We left. My mom, my dad, my sister, my grandma, my sister’s girlfriend who had to wait outside in the car, and I left.
It took over 2 years before my brother would speak to us, and even then it was only certain people, because he was going to have a baby. They wanted to ‘fix things’ before bringing a child into this world.
My niece recently celebrated her first birthday, and she is one of the biggest balls of joy my family knows. With that said, my brother and his wife are getting a divorce, and my brother still doesn’t treat our mom like a person, even though he lives with her for free.
I personally still have issues with the fact they got married two days after Christmas, knowing that our family wasn’t even welcome there. That Christmas was a mess, and I am wary of any holiday gatherings with my family since then, as it is the only time we all see each other now.”
He Woke Up Thinking All Was Right In The World
“My grandmother passed away about two in the morning on Christmas morning. She had been In the hospital for about three months, broken hip, in and out of surgery. It was her time. My mother was there when she passed, and she went as peaceful as we could have hoped. My mom gets home about three, I hear her come in and I give her a big hug.
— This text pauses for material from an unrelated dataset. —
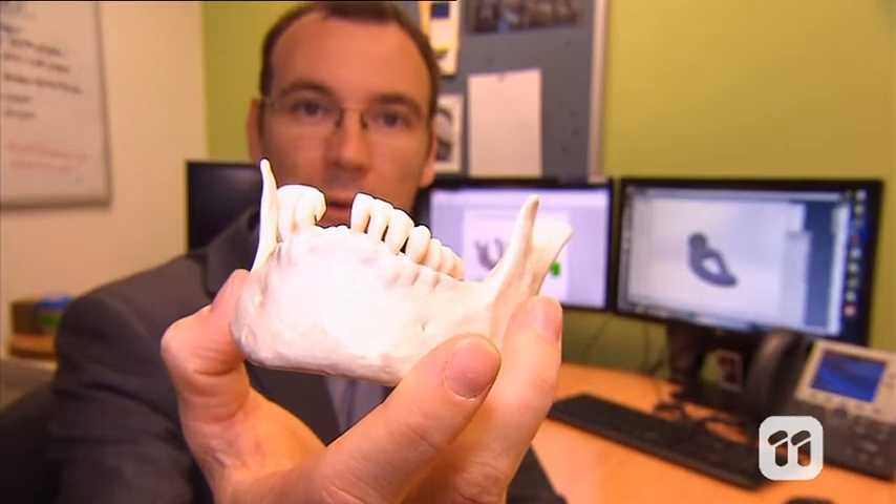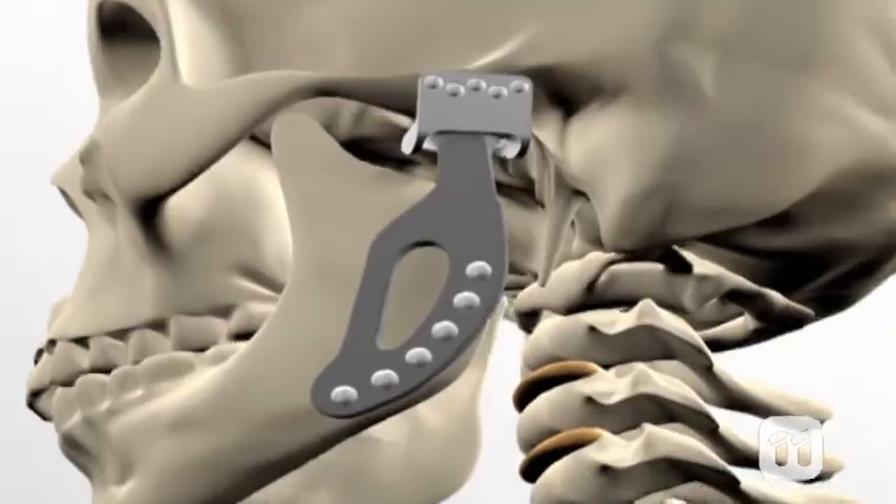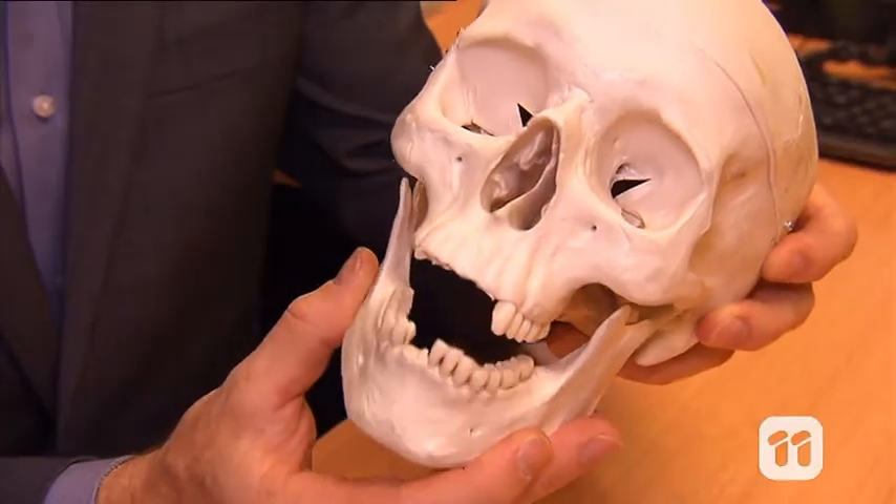In the future we hope to be able to 3D print an entire mandible. We would need to be able to attach teeth as well as the muscles. The finished product will mean the patient is able to talk and eat much more comfortably again. Right Murray? Right David.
She’s bawling, the rest of my family was asleep, and they had no idea.
We both went to bed, and I woke up early the next morning. My little brother (9 or 10) was downstairs, giddy as he can freaking be because it’s Christmas morning, and he has no idea what has happened. When my mother eventually gets up, he’s even more excited because that means it’s present opening time. My mother has to sit my little brother down and tell him about last night.
To see his face go from absolutely thrilled to just the utter devastation and sadness of our grandmother’s death was the saddest thing I have ever witnessed. It still makes me tear up.”